I’ve got an idea for you, Mr. or Mrs. Engineer. Be proactive! So often, we wait and react to changes that come our way. We complain about minimal mechanical space or a place to put louvers on the wall. Instead, we should be reviewing the floor plan and looking for solutions to the problem. Offer up ideas to the architects that may simplify problems or even kill two birds with one stone.

We know what we need. Yet they don’t know what they don’t know. Very profound, I know. They can’t read our minds, and they don’t know mechanical designs as well as engineers. It’s possible slight floor plan changes can solve major engineering problems. Perhaps not always, but by asking and offering up information, you will learn more about the building and function of the space than by waiting and reacting.

Remember I said I’d been doing this without even knowing? Well, back in 2011, I began work on the Scentsy office tower design, for which Jason Yates was the architectural designer. He grabbed me at the beginning of the project to discuss mechanical equipment locations, louvers, etc. – and thus began our own process of designing with elegant simplicity. The owner of the project had an office overlooking the construction of this new six-story building and he did not want to see any mechanical equipment on the roof. He didn’t want to see any equipment on the exterior, period.

Jason and I worked through various scenarios and ideas, and finally settled on a design which included adding a mechanical penthouse for all of the rooftop equipment. The penthouse added an architectural feature to the building while simultaneously providing needed mechanical space. We also discussed louvers and locations, and worked them into the facade in dedicated locations that harmonized with the colors and overall scheme of the exterior. It took some work, but I believe it was well worth the early design effort and created a sense of satisfaction for both of us.

Another project I feel represents elegant simplicity in engineering is the new Mountain West Bank branch at the intersection of Fairview and Eagle in Meridian, ID. This is the busiest intersection in the state of Idaho, so our overall design needed to be perfect. Tim Johnson (mechanical engineer) worked with our architectural team to incorporate a VRV system into the building. From both the exterior and the interior, the amount of visible mechanical equipment is minimal. Through many iterations, they decided to use a mechanical roof well for exterior equipment and precisely placed fan coils on the interior to minimize the appearance of the mechanical system. This is another great example of coordination and involvement — both early and often — that greatly affected the overall outcome of the project.

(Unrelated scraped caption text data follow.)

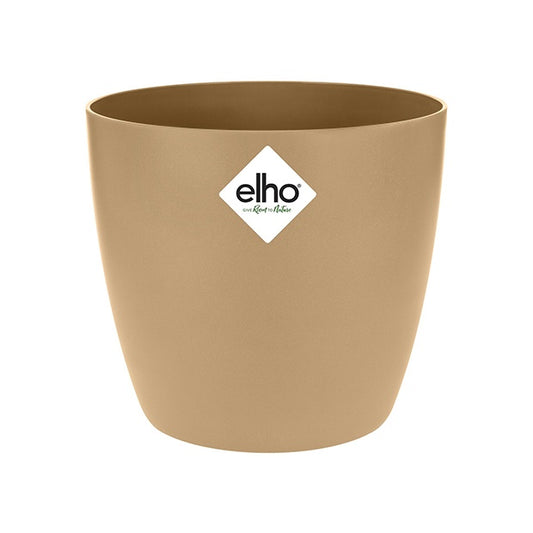 Elho Bloempot Brussels rond - koekjesbruin - Bakker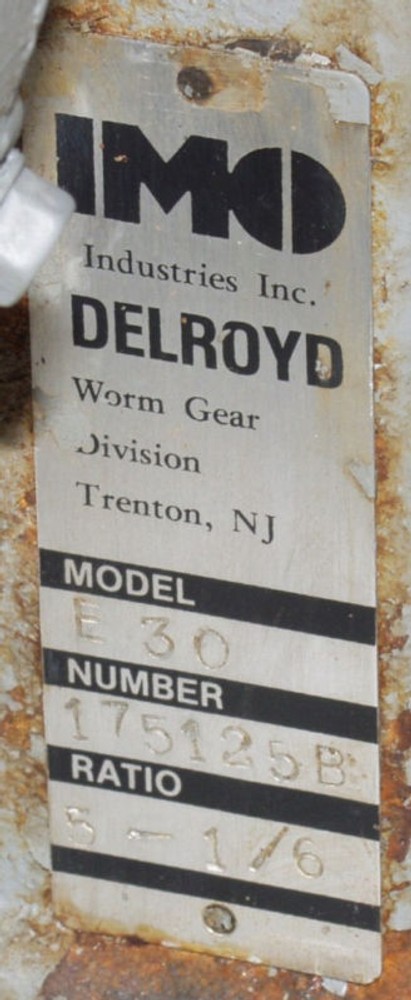 IMO INDUSTRIES DELROYD WORMGEAR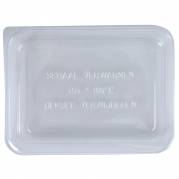 Snap-on l&Atilde;&yen;g, 17,2x13,4x1,2cm, klar, RPET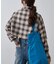 【WEB限定】シアービエラチェックフロントシャーリングシャツ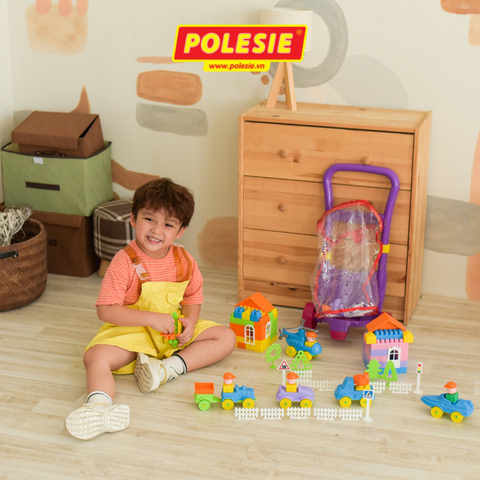 Đồ chơi lắp ghép xe đẩy Caddy – Polesie Toys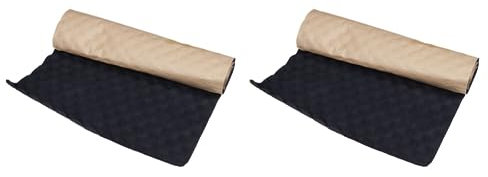 Xptieeck 2 stycken 100 x 50 cm billjud dämpning matta ljud dämpande ljud isolering akustisk dämpning skum subwoofer matta bilar tillbehör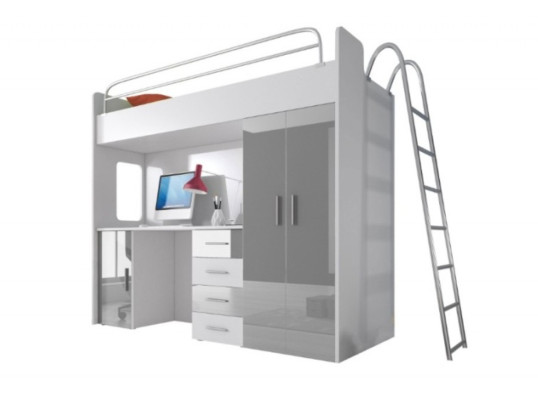 Betten Hochbett Echtes Holz Kinder & Jugend Zimmer Neu Doppelstock Bett Etagen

To wrap up this post, I’d like to encourage all engineers to get involved early. I’d also like to encourage architects to invite engineers into the process in the beginning stages. In fact, don’t invite, but insist on participation from everyone. If you are an engineer and don’t get invited, force the issue. Ask questions. Provide comments. Don’t wait until it’s too late to have an impact on the design. Don’t create obstacles; provide solutions. Be proactive, not reactive.

In the end, it takes all of us to create an efficient and effective building. Elegant simplicity is a positive term and should be represented as such. If you don’t like my definition of elegant simplicity, write your own. Empower yourselves. Every single person in a firm — ours and all the rest — has the ability to create a positive impact on any given project. Do not wait to get started; you can make a difference right now!